The response should consist only of the lines from the one with "Champion（チャンピオン）の「X-girl×CHAMPION REVERSE WEAVE(R)" to the end of the data below, copied exactly and without pictures.

(Short descriptive text snippets)
::::

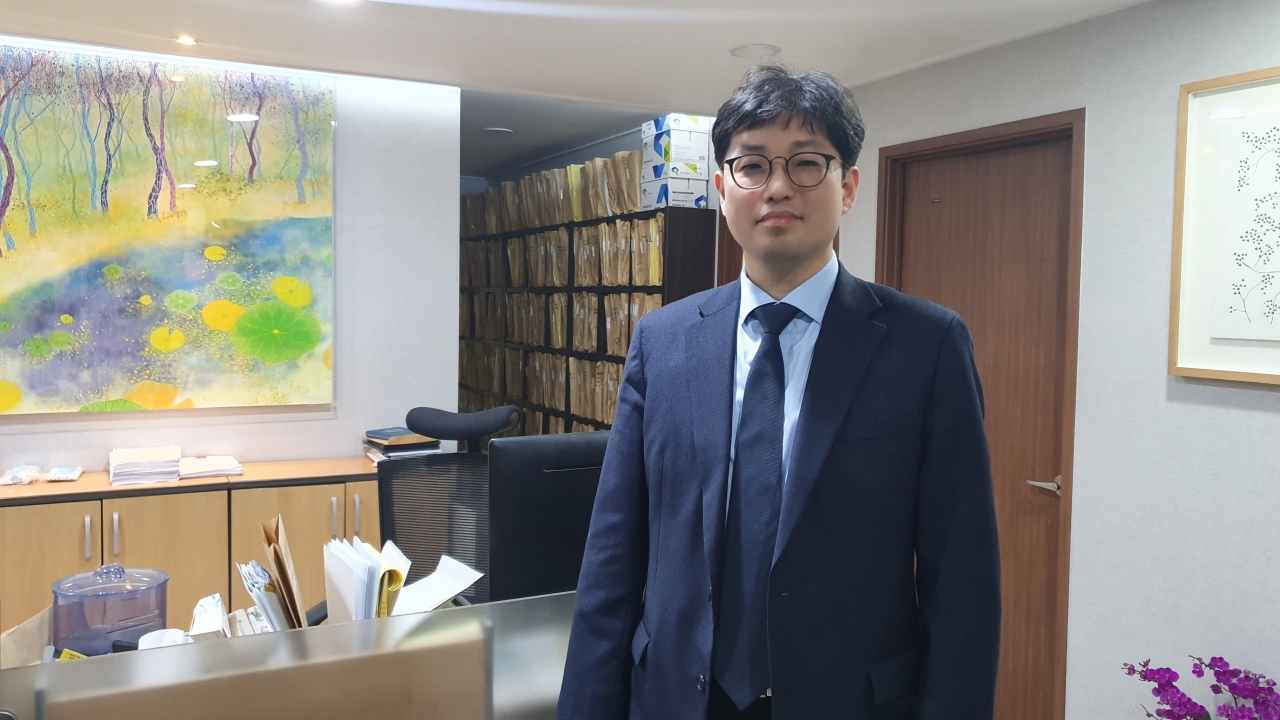 서초구 법무법인 이공 사무실에서 만난 양홍석 변호사  ⓒ여성신문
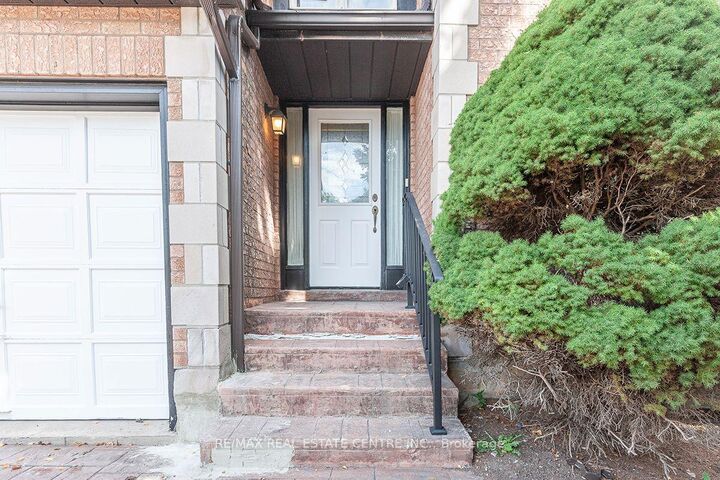 Property Photo:  3679 Loyalist Drive  ON L5L 4S9 
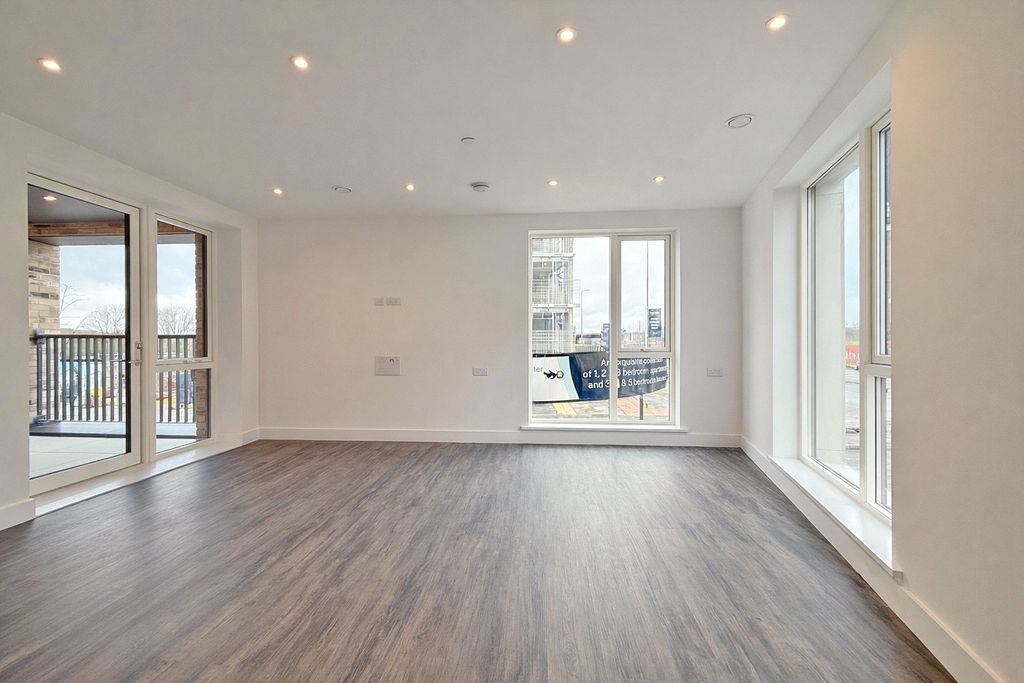 Property photo 3 of 8 Picture No. 17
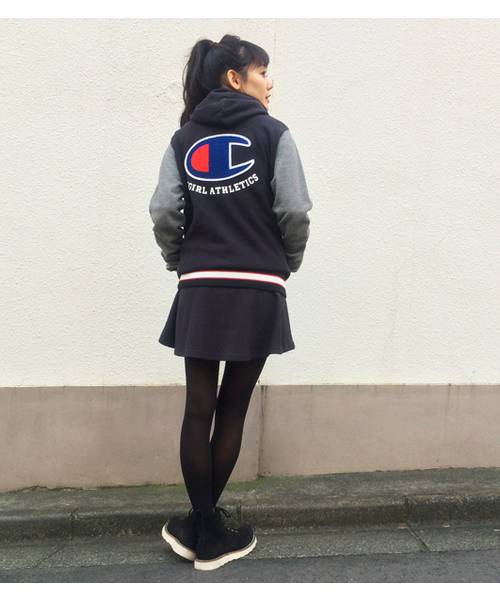 Champion（チャンピオン）の「X-girl×CHAMPION REVERSE WEAVE(R) BUTTON HOODIE（パーカー・レディース・ブラック/アッシュ/ネイビー・2/1）」の10枚目の写真
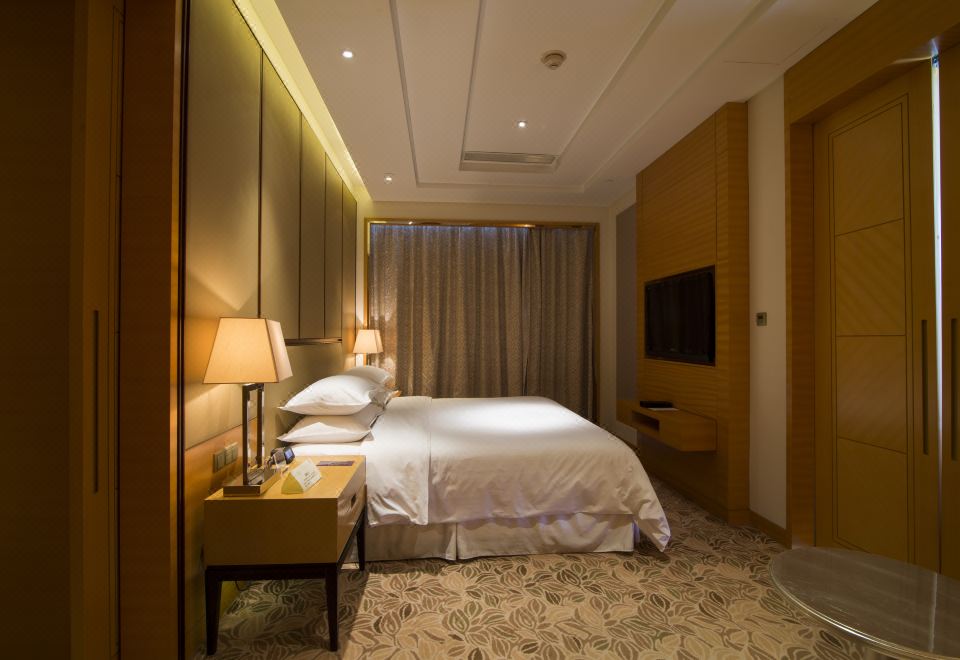 Sheraton Qingdao Jiaozhou HotelDeluxe Suite PKG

::::

▶ **Result below**:
 Champion（チャンピオン）の「X-girl×CHAMPION REVERSE WEAVE(R) BUTTON HOODIE（パーカー・レディース・ブラック/アッシュ/ネイビー・2/1）」の10枚目の写真
 Sheraton Qingdao Jiaozhou HotelDeluxe Suite PKG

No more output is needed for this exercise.